Here let me record my opinion that it is a popular but mistaken idea to suppose that full-roed fish are the best. Common sense ought to tell us that any creature on the very verge of parturition cannot possibly be in a state of health. Perhaps with fish this is not of so much consequence, but I am confident that anyone who has once eaten a properly-cooked autumn mackerel will never again give the preference to the poor mother-fish, almost bursting with roe. We consider salmon out of season in spawning time; we even make “fence-months” for all fresh-water fish; and why so many persons should esteem a mackerel or a herring fit for nothing unless it is on the point of spawning, I confess myself quite unable to decide.

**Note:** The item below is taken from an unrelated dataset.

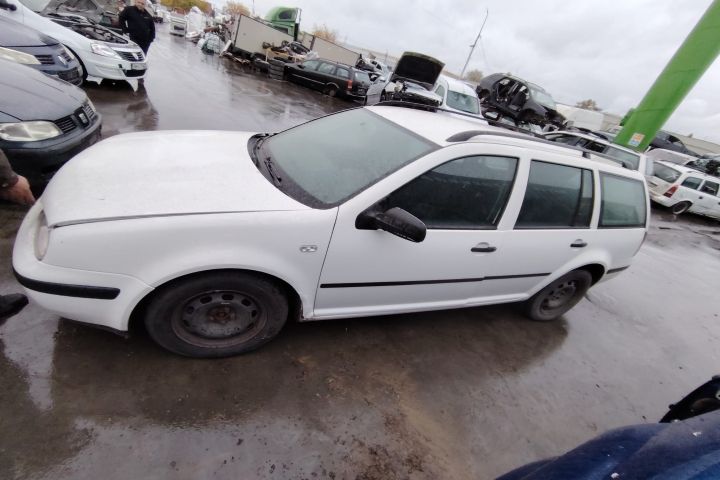 Oglinda stanga Volkswagen VW Golf 2002 1.9 TDI MT (90 hp)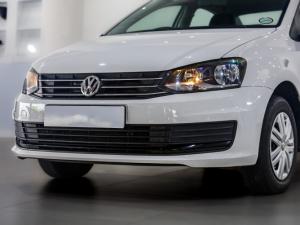 Volkswagen Polo sedan 1.6 Trendline - Image 8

Mr. Henry Mayhew, in his work on “London Labour and the London Poor,” has furnished us with some valuable statistics respecting the number of fish annually sold in the metropolis, and from these I find that, though, numerically speaking, soles, plaice, and herrings are at the head of the list, mackerel find great favour with all classes. Plaice and herrings, being the cheapest fish that come to market, of course find a legion of purchasers amongst the very poor; indeed, but for these two most valuable additions to their meagre fare, our poor would rarely go beyond a vegetable diet. The low class of Irish, for instance, in the season, eat fish at least three times a-week.

Mackerel sometimes grow to a very large size, and I have seen them exceeding two feet in length and weighing many pounds. There is a bastard kind of fish called the “horse-mackerel,” which somewhat resembles the herring, and is often caught with a hook. I have taken it thus whilst fishing for whiting. When the mackerel is caught with a hook and line, as is the case on some parts of our coast, the bait used is a worm or a piece of red cloth, and sometimes a piece of a mackerel itself. With regard to the red cloth, I do not conceive that the fish has any intention of eating it, but that it is irritated by that colour, as are other living creatures (the bull and the turkey, for instance), and, flying at it, gets hooked!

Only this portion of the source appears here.